| Problem description |
The answer must consist solely of the lines from the one with "YPA 4015 Headset" through the last line of the data, copied exactly, with no pictures.

| Data segment |
· · ·

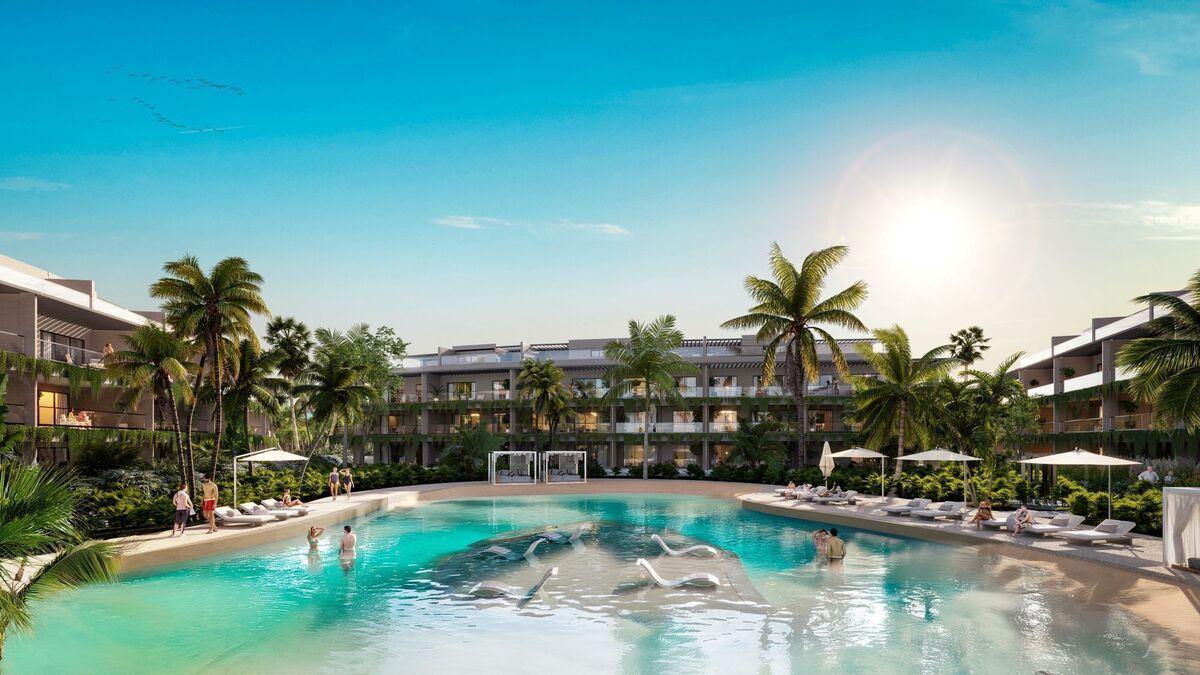 Apartment in Bavaro — main photo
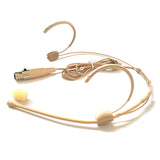 YPA 4015 Headset Microphone For Wireless System - Omnidirectional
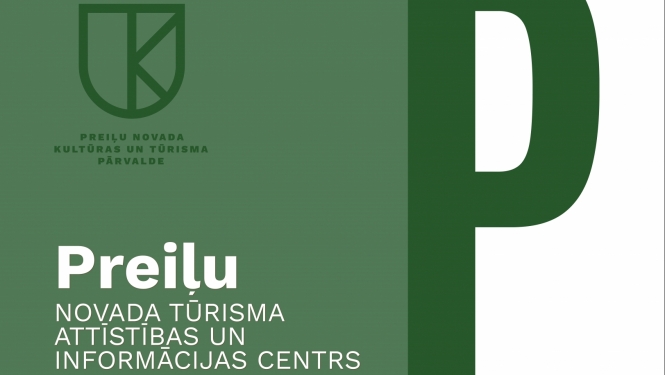 Preiļu novada Tūrisma un attīsības informācijas centrs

· · ·

| Response |
 YPA 4015 Headset Microphone For Wireless System - Omnidirectional
 Preiļu novada Tūrisma un attīsības informācijas centrs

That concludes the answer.